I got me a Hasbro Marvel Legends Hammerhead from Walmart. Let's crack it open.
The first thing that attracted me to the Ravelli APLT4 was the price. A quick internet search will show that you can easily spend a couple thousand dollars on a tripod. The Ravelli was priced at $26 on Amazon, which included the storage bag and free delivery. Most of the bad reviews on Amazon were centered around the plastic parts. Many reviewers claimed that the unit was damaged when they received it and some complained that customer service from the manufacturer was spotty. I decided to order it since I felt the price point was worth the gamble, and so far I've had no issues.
------------------------------------------------------------------------
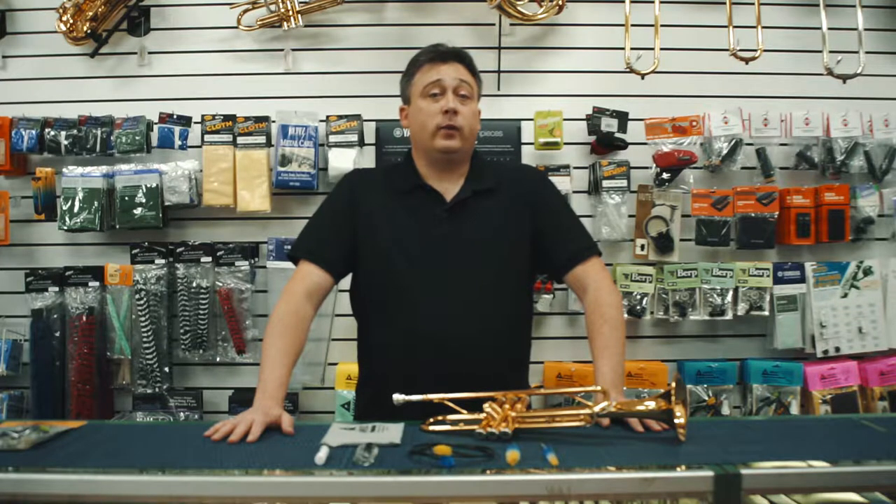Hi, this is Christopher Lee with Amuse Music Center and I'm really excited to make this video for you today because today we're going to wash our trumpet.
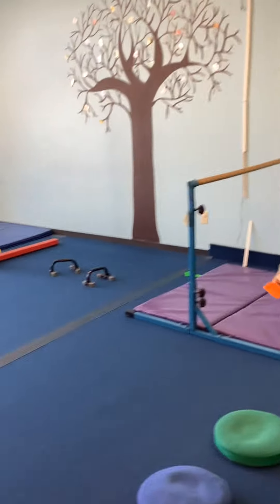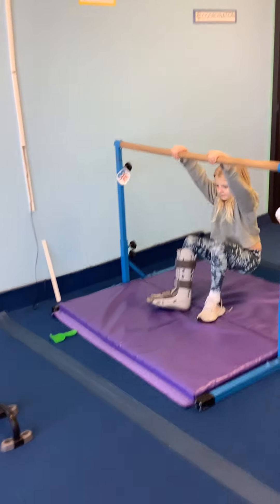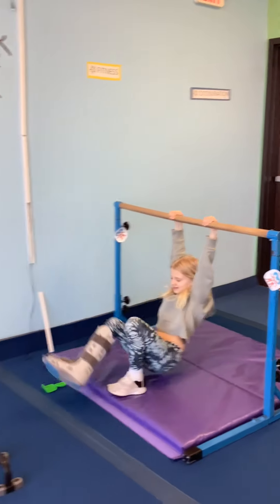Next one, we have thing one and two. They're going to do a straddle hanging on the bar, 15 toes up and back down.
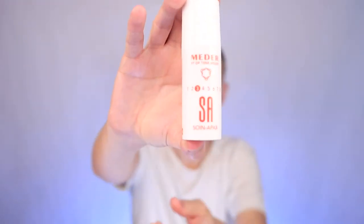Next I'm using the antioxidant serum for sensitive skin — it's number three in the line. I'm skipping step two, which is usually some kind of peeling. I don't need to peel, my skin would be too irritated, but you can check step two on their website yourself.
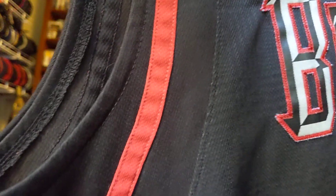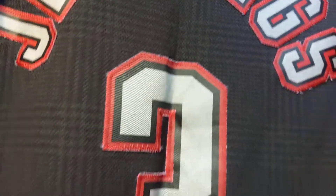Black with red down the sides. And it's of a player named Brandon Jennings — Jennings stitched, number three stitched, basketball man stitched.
------------------------------------------------------------------------
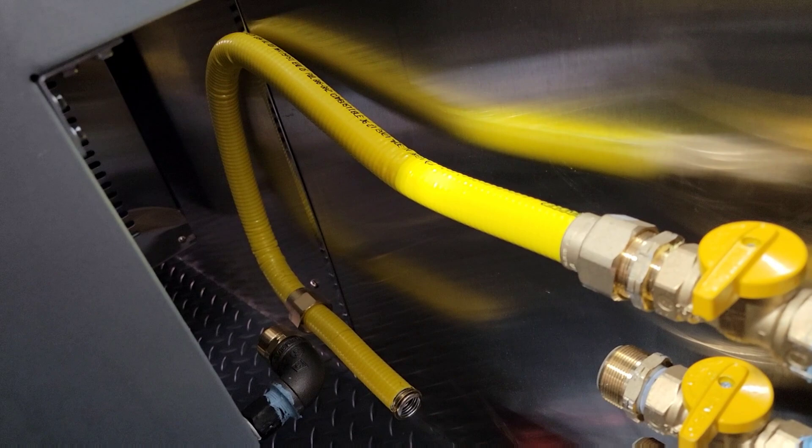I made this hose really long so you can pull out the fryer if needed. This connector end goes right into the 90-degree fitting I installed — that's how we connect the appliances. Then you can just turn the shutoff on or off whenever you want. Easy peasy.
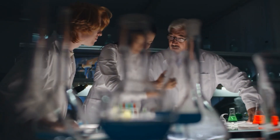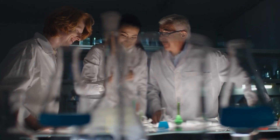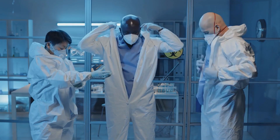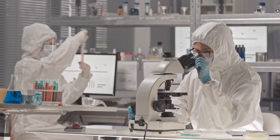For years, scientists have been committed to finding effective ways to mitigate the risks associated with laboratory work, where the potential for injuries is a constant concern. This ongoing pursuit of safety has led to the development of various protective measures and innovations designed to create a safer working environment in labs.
------------------------------------------------------------------------
- [Task to complete]: Find the line with "I got me a Hasbro" in the material above. Reproduce it and each line after it up to and including the line with "The first thing".

- [Answer area]:
I got me a Hasbro Marvel Legends Hammerhead from Walmart. Let's crack it open.
The first thing that attracted me to the Ravelli APLT4 was the price. A quick internet search will show that you can easily spend a couple thousand dollars on a tripod. The Ravelli was priced at $26 on Amazon, which included the storage bag and free delivery. Most of the bad reviews on Amazon were centered around the plastic parts. Many reviewers claimed that the unit was damaged when they received it and some complained that customer service from the manufacturer was spotty. I decided to order it since I felt the price point was worth the gamble, and so far I've had no issues.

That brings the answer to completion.